A court in Diyarbakir, in the mostly Kurdish southeast region of Turkey, found Ozan Kilinc, editor and publisher of the Azadiya Welat daily, guilty of disseminating “propaganda of a terrorist organization” by publishing reports and pictures on the outlawed Turkey Kurdistan Workers’ Party (PKK) and its jailed leader in 12 separate issues in June last year, AFP and other news outlets reported.
The judges issued an arrest warrant for the editor, who was not present in the courtroom.
“Too often the authorities in Turkey and elsewhere use anti-terrorism laws to restrict press freedom,” said IPI Director David Dadge. “This is unacceptable. As the European Court of Human rights and other international bodies have often stated, banning newspapers and jailing journalists amounts to government censorship of the media.”

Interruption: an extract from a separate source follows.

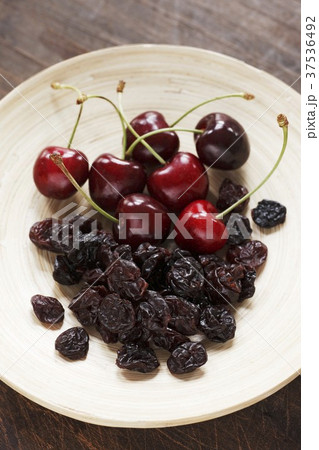 A plate of fresh and dried cherries A plate of fresh and dried cherries 37536492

Azadiya Welat has often been the target of judicial action by Turkish authorities for allegedly acting as a mouthpiece of the PKK, which is considered a terrorist organisation by Turkey and much of the international community, including the European Union and the United States. The daily has had to replace six editors since it started publishing in 2006 because the editors had to either flee the country to avoid imprisonment or were jailed, Reuters reported.
Azadiya Welat’s previous editor, Vedat Kursum, has been in jail for the past 13 months. He is currently on trial, facing more than 20 cases of allegedly spreading rebel propaganda, praising criminals and aiding and abetting rebels, the Turkish press freedom organisation Bianet reported.
On 28 January this year, IPI welcomed a ruling by the European Court of Human Rights stating that Turkey had violated Article 10 of the European Convention on Human Rights when it suspended five newspapers and sentenced a magazine editor to prison over an article criticizing prison brutality.
In IPI’s World Press Freedom Review 2009, launched on Thursday 11 February, IPI Director Dadge expressed concerns regarding Turkey’s consistently poor attitude towards press freedom and use of laws to prosecute journalists, including Article 301 – which bans “insults” to the Turkish state.